Selbst wenn es gelänge, das Verteilungsproblem in der EU zu lösen, bleibt eine weitere Schwierigkeit. Die auf die EU-Länder aufgeteilten Flüchtlinge haben oft andere länderspezifische Präferenzen. Sie wollen in einige wenige Länder, wie etwa Deutschland oder Schweden. Bleiben die Grenzen in der EU offen, wandern sie trotz Zuteilung auch dorthin. Das ist ein geringeres (ökonomisches) Problem, wenn sie in die Arbeitsmärkte der „Wunschländer“ einwandern. Dann fallen sie den Zuwanderungsländern nicht zur Last. Ein Problem entsteht dann, wenn sie in die nationalen Sozialstaaten einwandern. Dem könnte allerdings ein Riegel vorgeschoben werden, wenn die individuellen Ansprüche an den Sozialstaat nur in dem Land geltend gemacht werden können, dem die Flüchtlinge zugeteilt wurden („modifiziertes Heimatland-Prinzip“).

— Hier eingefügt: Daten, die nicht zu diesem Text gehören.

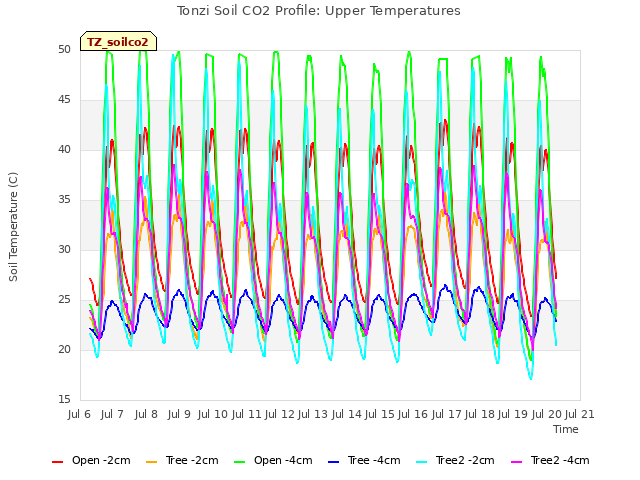 plot of Tonzi Soil CO2 Profile: Upper Temperatures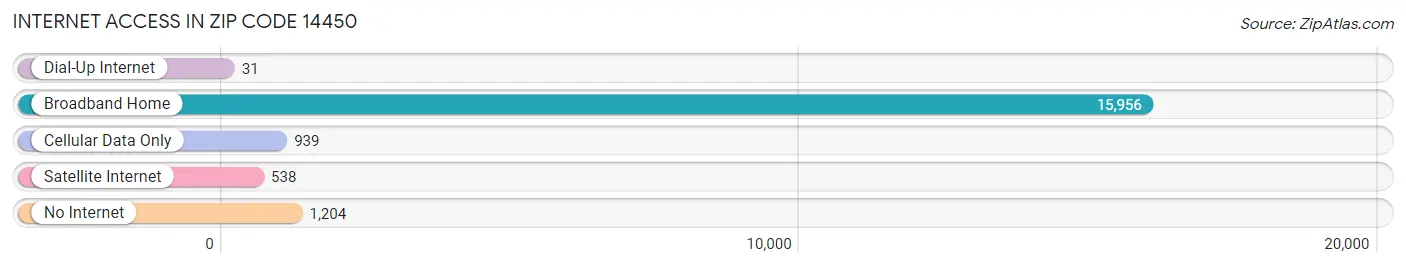 Internet Access in Zip Code 14450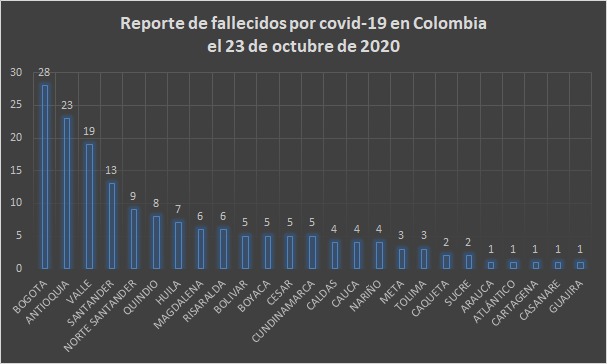  - 8.672 nuevos contagios y 166 fallecidos más por Covid-19 en Colombia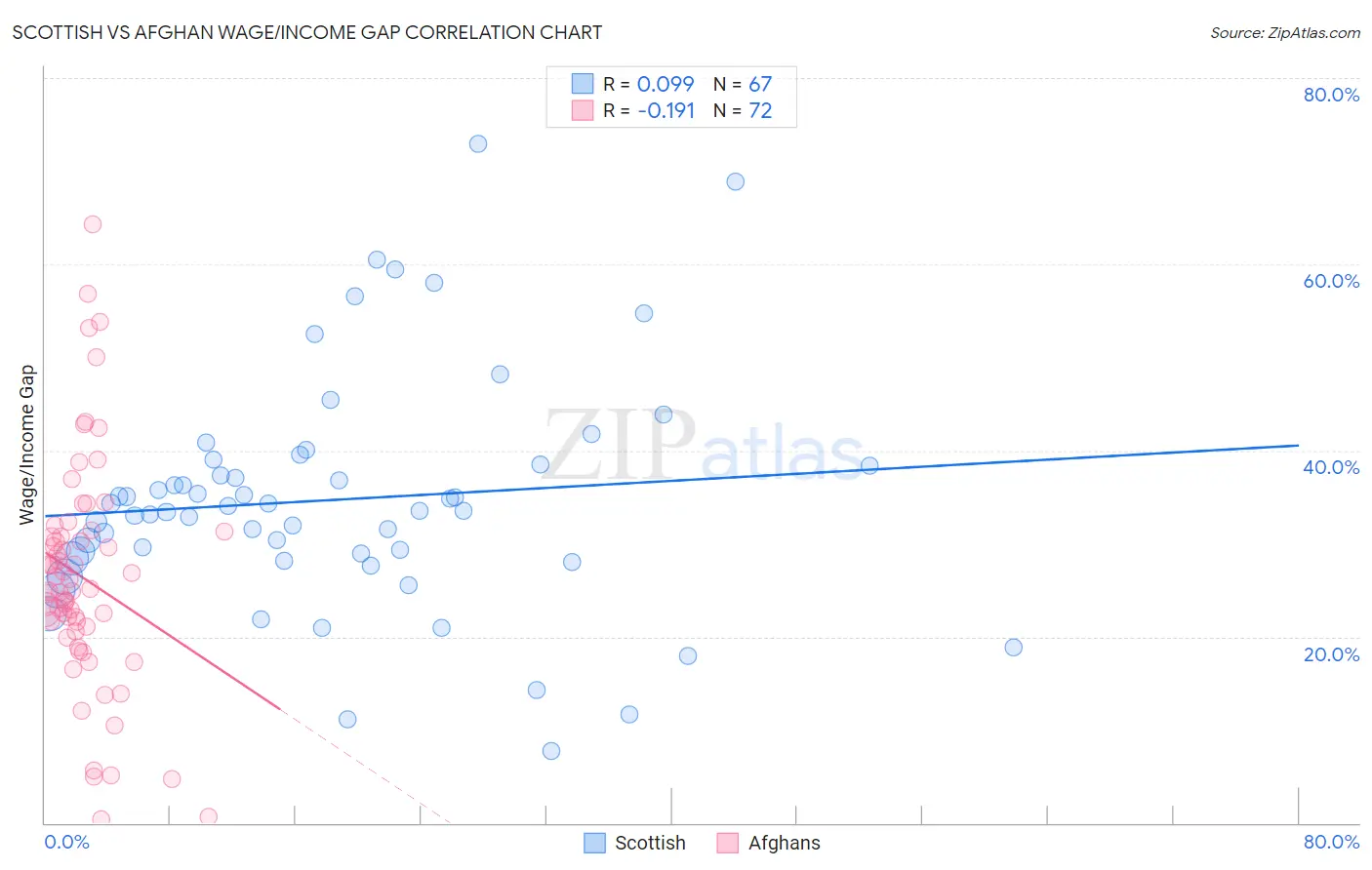 Scottish vs Afghan Wage/Income Gap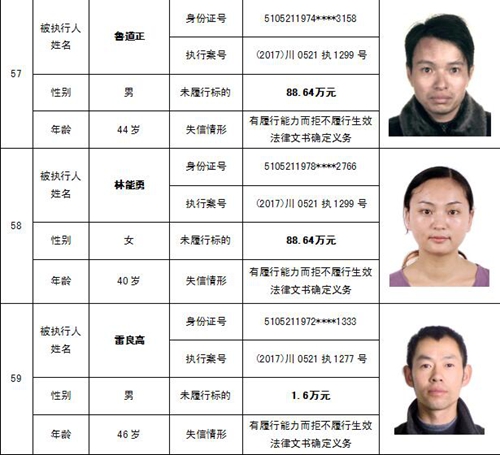 泸州中院公布一批“老赖” 看看有你认识的吗(图35) 泸州中院公布一批“老赖” 看看有你认识的吗(图35)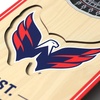 image:imageYouTheFan NHL 3D Stadium 6x19 BannerWashington Capitals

Damit die Lasten aus den Flüchtlingsströmen für die EU nicht zu groß werden, muss die Integration in Europa gelingen. Die Chancen sind gut, wenn die Flüchtlinge möglichst schnell Arbeit finden. Dazu ist allerdings viererlei notwendig: Bürokratische Hürden, wie etwa Wartezeit bei Arbeitsaufnahme oder die Vorrangprüfung, müssen abgebaut werden. Staatliche Investitionen in Bildung und Ausbildung müssen verstärkt werden, um die oft mangelhafte Qualifikation der Flüchtlinge zu erhöhen. Der gesetzliche Mindestlohn muss für die Flüchtlinge ausgesetzt werden. Nur so haben die meisten von ihnen überhaupt eine Chance, eine Beschäftigung zu finden. Schließlich muss das Arbeitslosengeld II so umgestaltet werden, dass die Anreize gestärkt werden, eine reguläre Arbeit aufzunehmen. Die doppelte Lohnuntergrenze muss fallen, wenn die Integration gelingen soll.

Fazit

Die „moderne“ Völkerwanderung führt in der EU zu einer Zerreißprobe. Das Modell „Schengen-Dublin“ funktioniert nicht mehr. Mit dem geplanten „türkischen Ventil“ kann die EU allenfalls temporär Zeit kaufen. Der massenhafte Flüchtlingsstrom lässt sich nicht aufhalten, solange die Bürgerkriege anhalten. Die EU wird über kurz oder lang Kontingente einführen. Der Streit um länderspezifische Quoten wird Europa weiter spalten. Ein „Mini-Schengen“ wird in der EU den Prozess eines „Europa à  la carte“ beschleunigen. Eine realistische Chance, nicht in feindseligem Streit zu versinken, hat Europa nur, wenn es bereit ist, verstärkt in Humankapital zu investieren, Güter- und Faktormärkte weiter offen zu halten und den Sozialstaat anreizverträglicher zu gestalten. Nur dann sind die Chancen einer gelingenden Integration überhaupt gegeben. Das ist aber die Voraussetzung, damit die EU nicht auseinanderbricht.